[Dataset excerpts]
┄┄┄┄┄┄
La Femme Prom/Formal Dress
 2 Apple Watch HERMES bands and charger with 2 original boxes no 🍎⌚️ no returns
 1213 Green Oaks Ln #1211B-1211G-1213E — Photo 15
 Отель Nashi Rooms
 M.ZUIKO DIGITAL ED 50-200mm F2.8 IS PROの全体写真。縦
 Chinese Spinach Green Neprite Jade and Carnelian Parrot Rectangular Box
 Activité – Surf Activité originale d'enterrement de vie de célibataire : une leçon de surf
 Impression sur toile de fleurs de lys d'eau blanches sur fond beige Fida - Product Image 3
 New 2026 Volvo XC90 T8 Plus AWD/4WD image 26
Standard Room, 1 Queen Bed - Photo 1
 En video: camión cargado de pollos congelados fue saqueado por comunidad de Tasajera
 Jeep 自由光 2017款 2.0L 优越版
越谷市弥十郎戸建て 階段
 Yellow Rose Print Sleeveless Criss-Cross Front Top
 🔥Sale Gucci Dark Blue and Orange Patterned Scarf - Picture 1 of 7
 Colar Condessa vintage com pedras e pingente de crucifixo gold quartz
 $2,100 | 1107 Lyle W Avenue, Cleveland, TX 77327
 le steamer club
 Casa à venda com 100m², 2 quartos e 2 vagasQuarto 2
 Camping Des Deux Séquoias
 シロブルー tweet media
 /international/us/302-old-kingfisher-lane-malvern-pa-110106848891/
┄┄┄┄┄┄
*How to complete this task:* Only lines containing the word "Green" should appear in the answer, and every such line from the records above must be there.

*Answer box:*
 1213 Green Oaks Ln #1211B-1211G-1213E — Photo 15
 Chinese Spinach Green Neprite Jade and Carnelian Parrot Rectangular Box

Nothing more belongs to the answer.